The workaround is to use the older (gitosis-style) method on the client:
create an empty repo locally, make a commit or two, set an "origin" remote,
and then push.  Something like:

    mkdir my-new-project
    cd    my-new-project
    git init
    git commit --allow-empty -m 'Initial repository'
    # or, if your client side git is too old for --allow-empty, just make some
    # files, "git add" them, then "git commit"
    git remote add origin git@gitolite-server:my-new-project.git
    git push origin master:master

Once this is done, the repo is available for cloning by anyone else in the
normal way, since it's not empty anymore.

## other errors, warnings, notes...

### ssh-copy-id

don't have `ssh-copy-id`?  This is broadly what that command does, if you want
to replicate it manually.  The input is your pubkey, typically
`~/.ssh/id_rsa.pub` from your client/workstation.

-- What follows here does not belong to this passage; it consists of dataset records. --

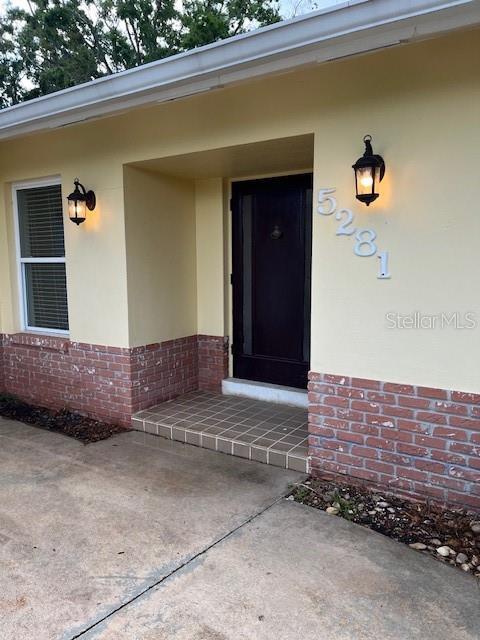 5281 Venetian Blvd NE, Saint Petersburg, FL 33703 - photo 2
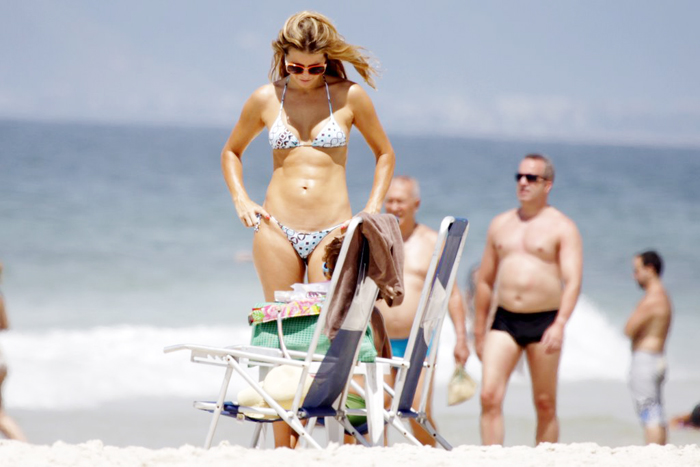 A atriz exibiu seu tanquinho na praia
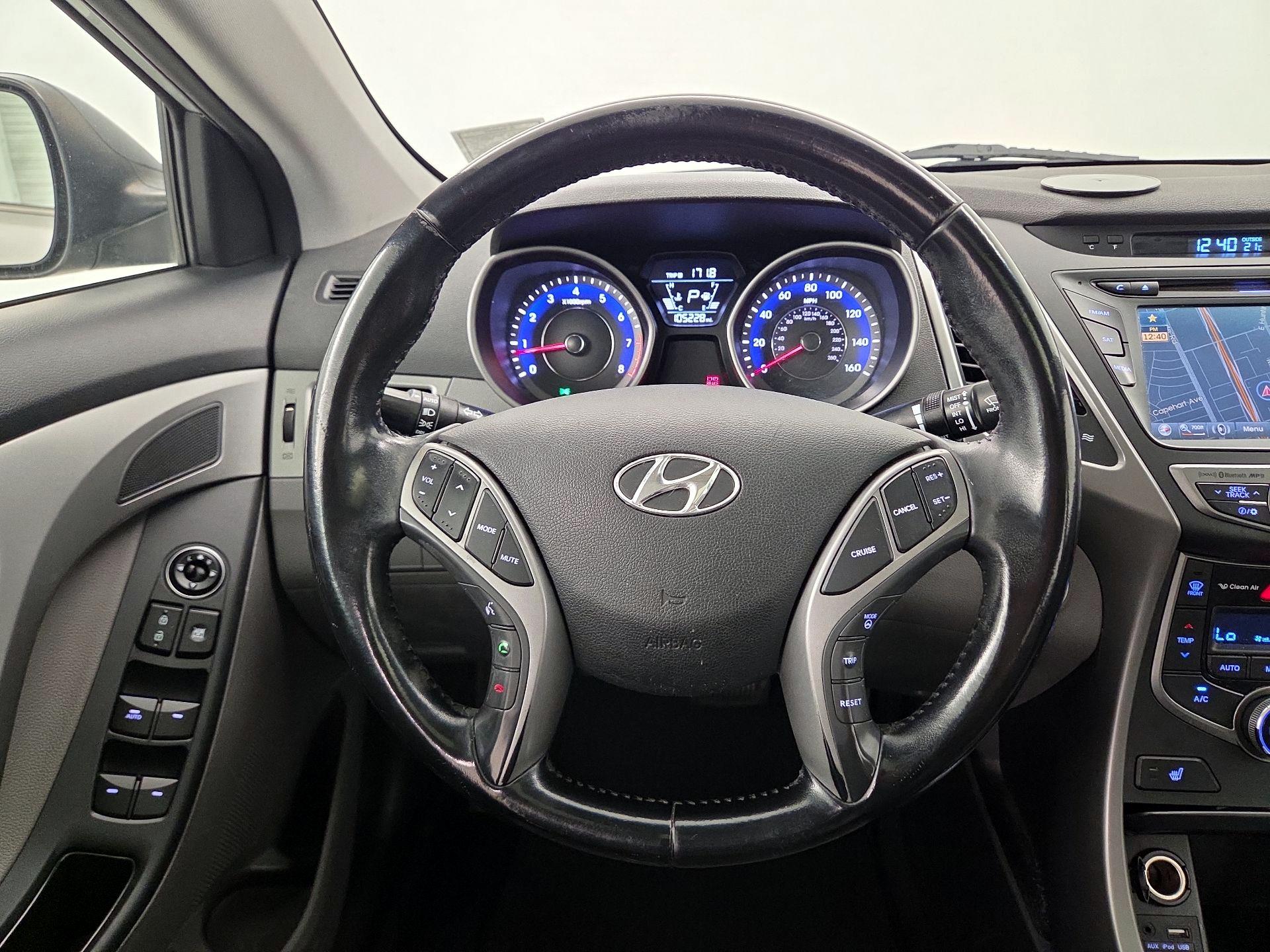 Thumbnail: 2015 Hyundai Elantra - 10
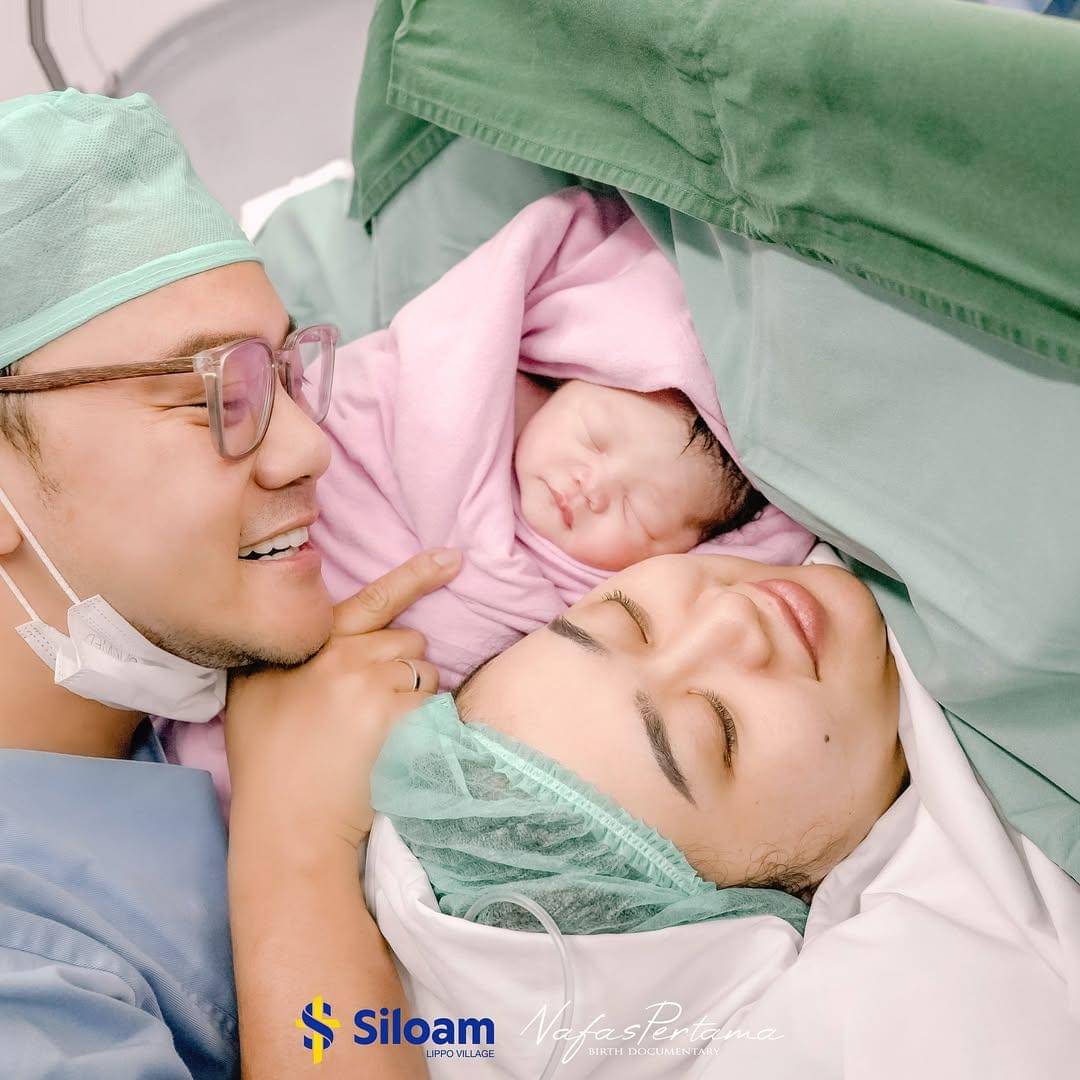 potret keluarga Danang DA (instagram.com/hemasnura)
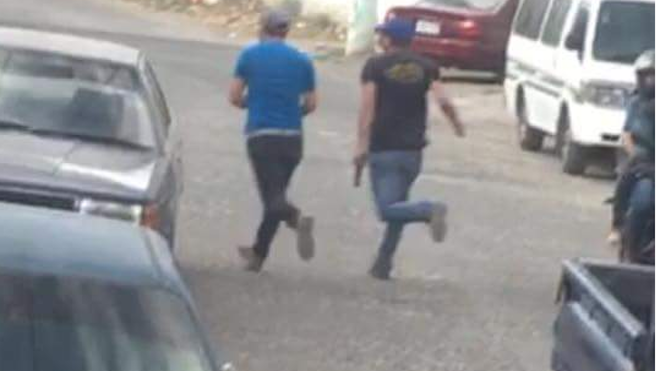 VIDEO: Así asaltan a plena luz del día en San Miguel Petapa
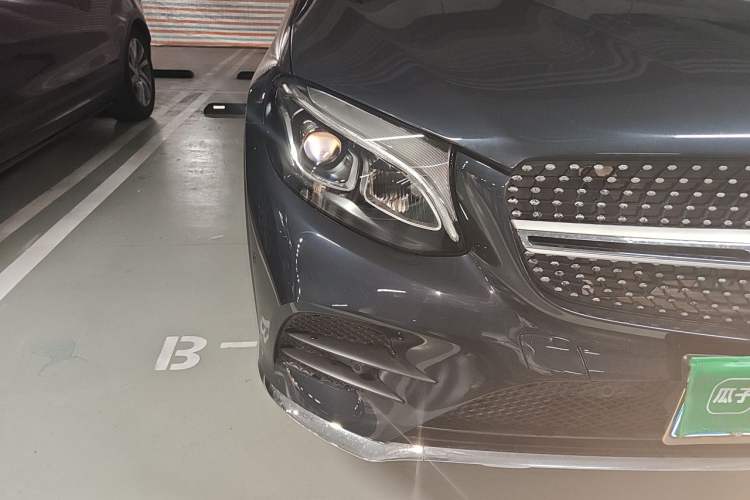 Used Mercedes-Benz GLC 2017 GLC 260 4MATIC Luxury Model Right Front Headlight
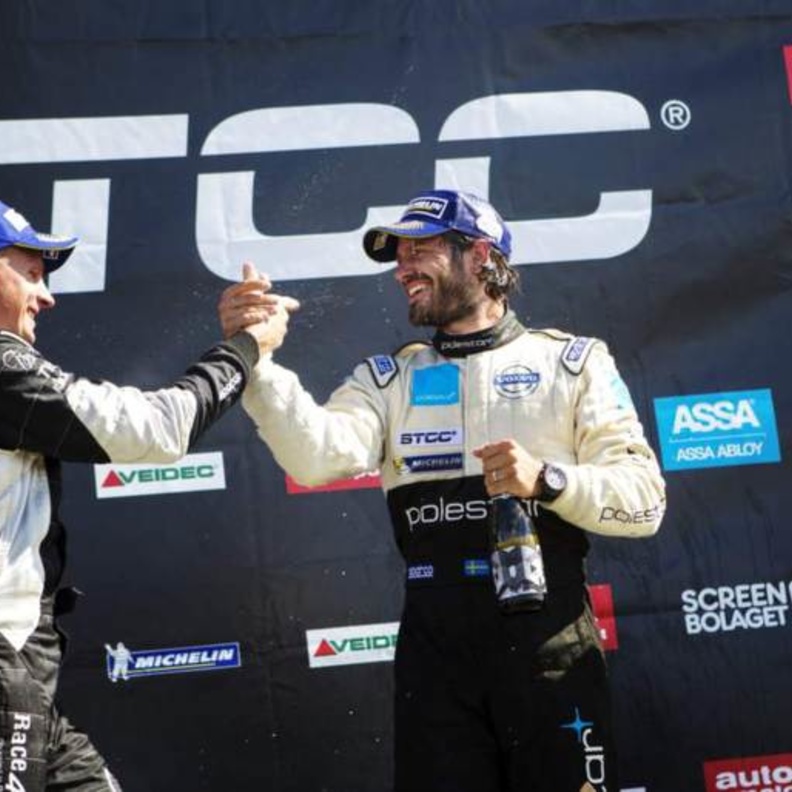 فيليب يفوز بالمسابقة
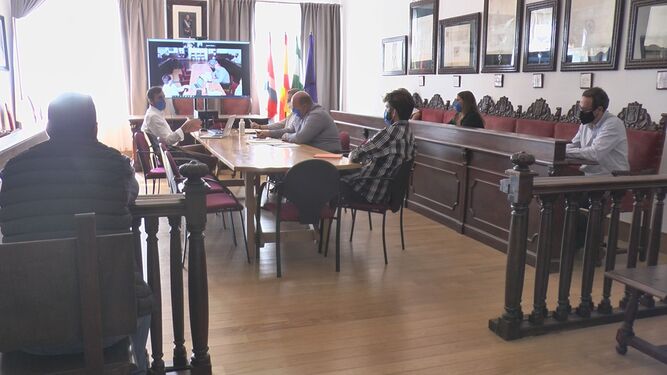 La reunión de la Comisión Técnica por la Covid-19 del Ayuntamiento de Tarifa.
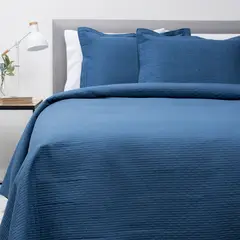 BASEMENT HOME - Cubrecama Rick New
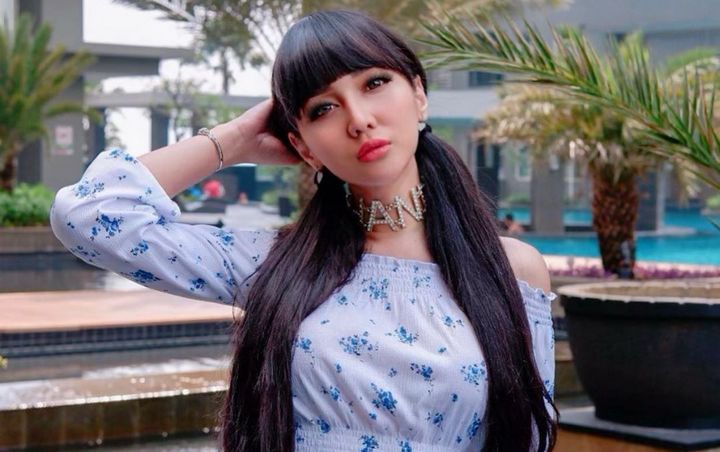 Lucinta Luna Seksi Mainan Pasir Pengin Dikubur, Bentuk Tangan dan Warna
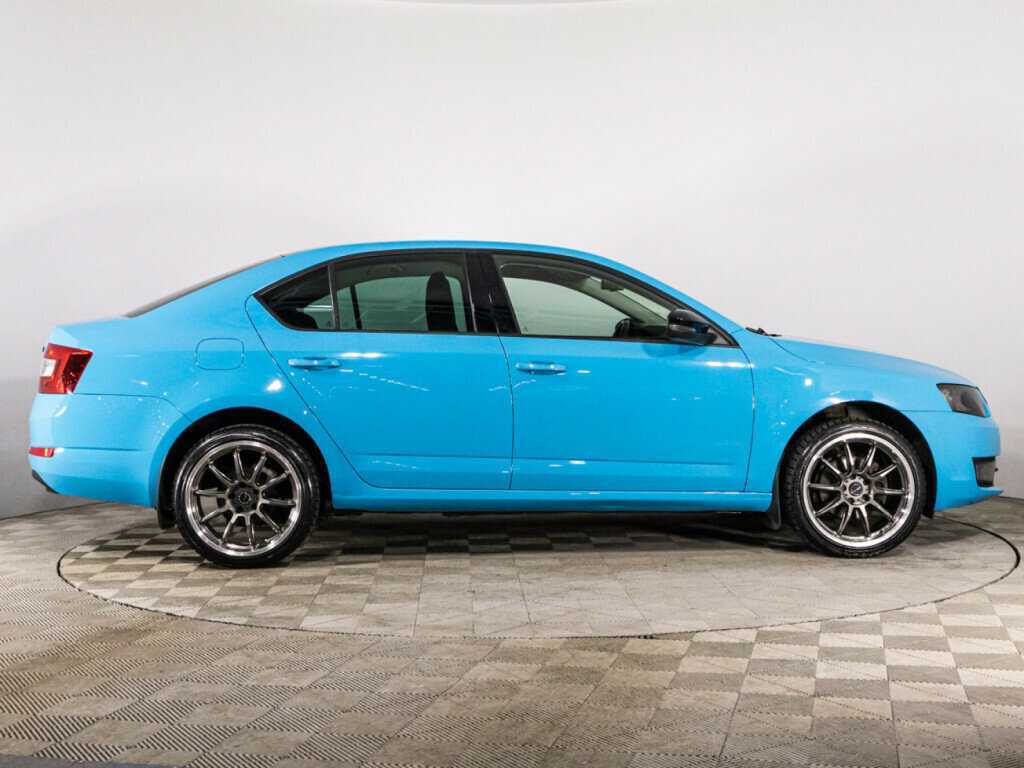 Б/У Шкода Октавия 2015 года. Фото: #3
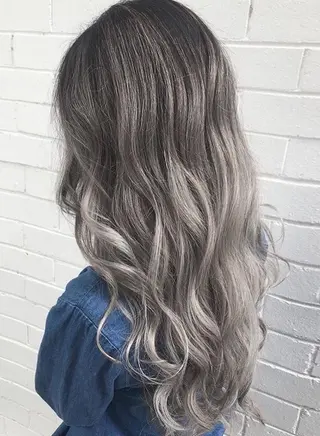 ロング カラー パーマ ヘアアレンジ Device ディバイスのヘアスタイル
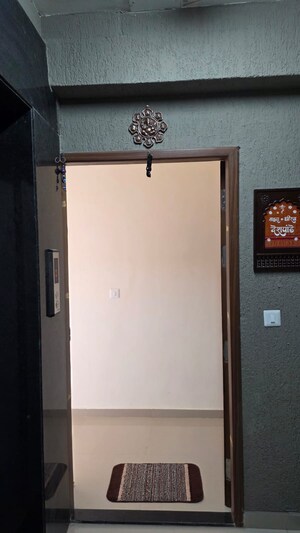 Room in 2 BHK Apartment at Bavdhan – for Sale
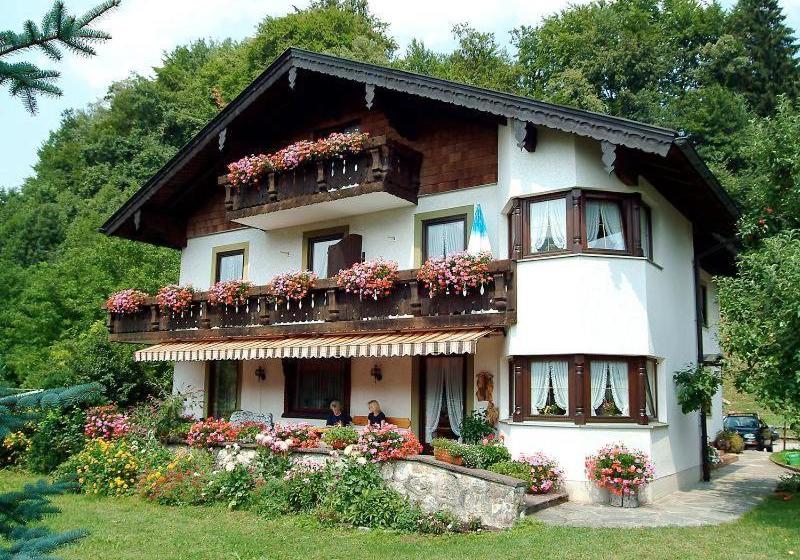 Отель Landhaus Weiß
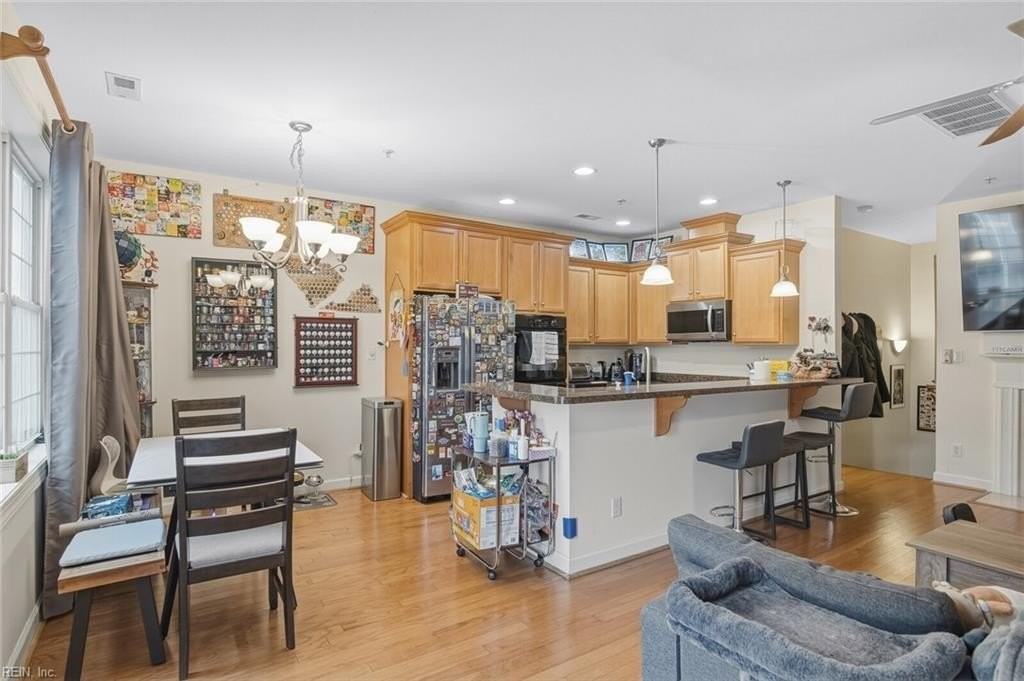 39 Miles Cary Mews - Photo 3 of 10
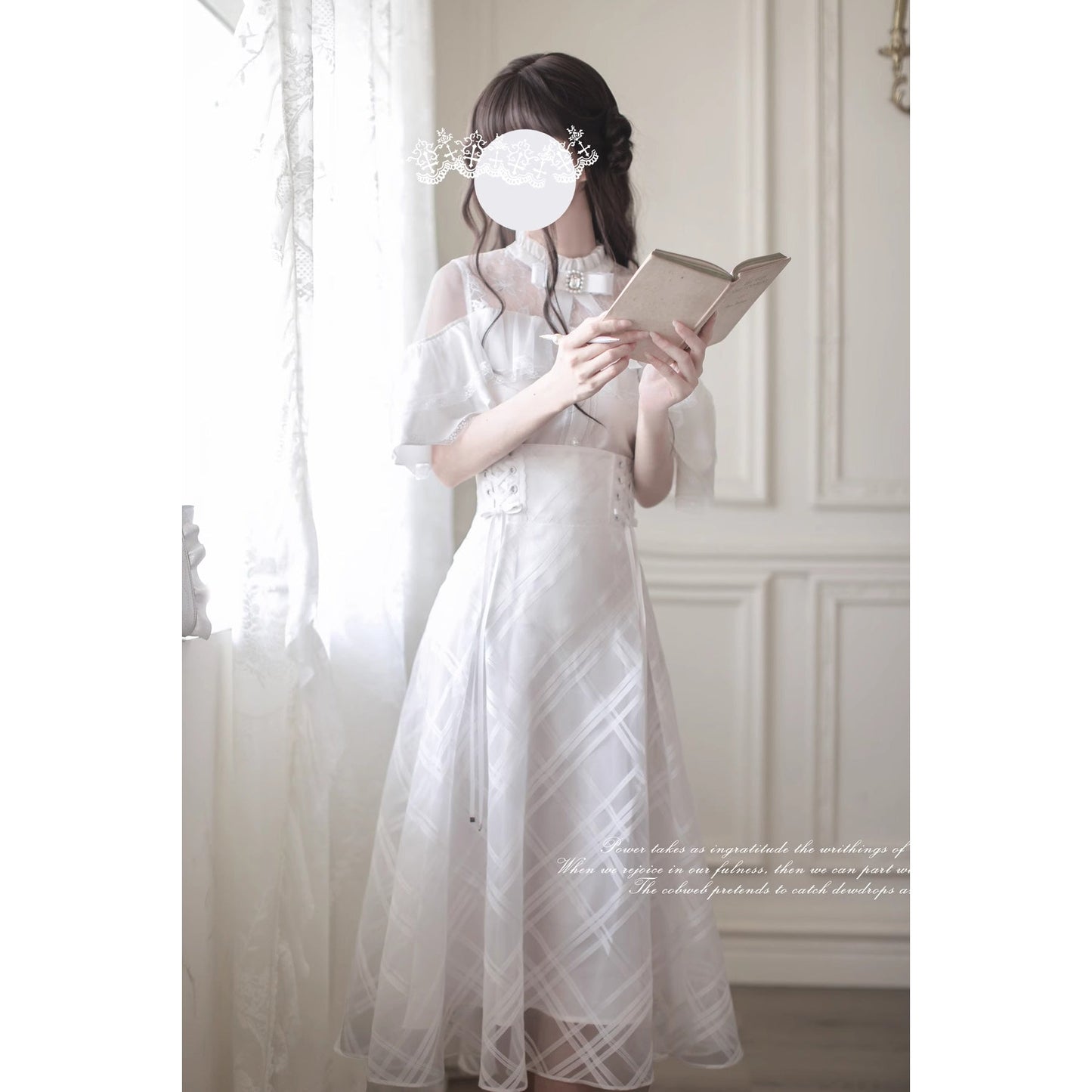 純白の令嬢のケープトップスとコルセットスカート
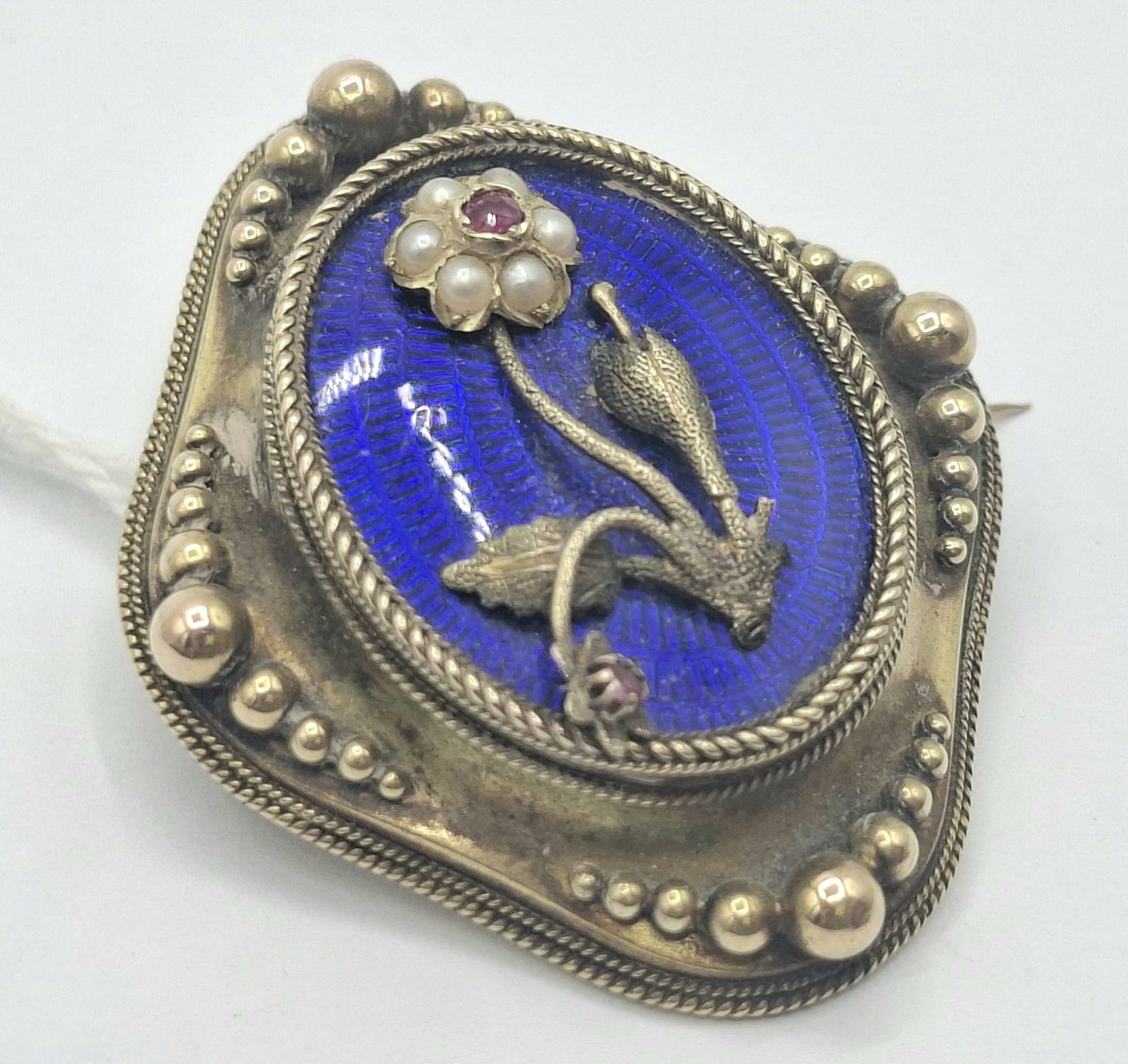 222 · GOLD PLATED BROOCH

  * it copies it to the server as some file

  * it appends that file to `~/.ssh/authorized_keys` on the server
    (creating it if it doesn't already exist)

  * it then makes sure that all these files/directories have go-w perms
    set (assuming user is "git"):

        /home/git/.ssh/authorized_keys
        /home/git/.ssh
        /home/git

[Actually, `sshd` requires that even directories *above* `~` (`/`, `/home`,
typically) also must be `go-w`, but that needs root.  And typically
they're already set that way anyway.  (Or if they're not, you've got
bigger problems than gitolite install not working!)]

### cloning an empty repo

Cloning an empty repo is only possible with clients greater than 1.6.2.  So at
least one of your clients needs to have a recent git.  Once at least one
commit has been made, older clients can also use it

When you clone an empty repo, git seems to complain about `fatal: The remote
end hung up unexpectedly`.  However, you can ignore this, since it doesn't
seem to hurt anything.  [Update 2009-09-14; this has been fixed in git
1.6.4.3]

### `@all` syntax for repos

There *is* a way to use the `@all` syntax for repos also, as described in
`conf/example.conf`.  However, there are a couple of minor cautions:

  * don't use `NAME/` or such restrictions on the special `@all` repo.  Due to
    the potential for defeating a crucial optimisation and slowing down *all*
    access, we do not support this.
  * don't try giving `@all` users some permission for `@all` repos

### umask setting

Gitweb not able to read your repos?  You can change the umask for newly
created repos to something more relaxed -- see the `~/.gitolite.rc` file

## getting a tar file from a clone

You can clone the repo from github or indefero, then execute a make command to
extract a tar file of the branch you want.  Please use the make command, not a
plain "git archive", because the Makefile adds a file called
`.GITOLITE-VERSION` that will help you identify which version you are using.

    git clone git://github.com/sitaramc/gitolite.git
            # (OR)
    git clone git://sitaramc.indefero.net/sitaramc/gitolite.git
    cd gitolite
    make master.tar
    # or maybe "make pu.tar"

<a name="features"></a>

## features

Apart from the big ones listed in the top level README, and subjective ones
like "better config file format", gitolite has evolved to have many useful
fearures than the original goal of "gitosis + branch-level access control".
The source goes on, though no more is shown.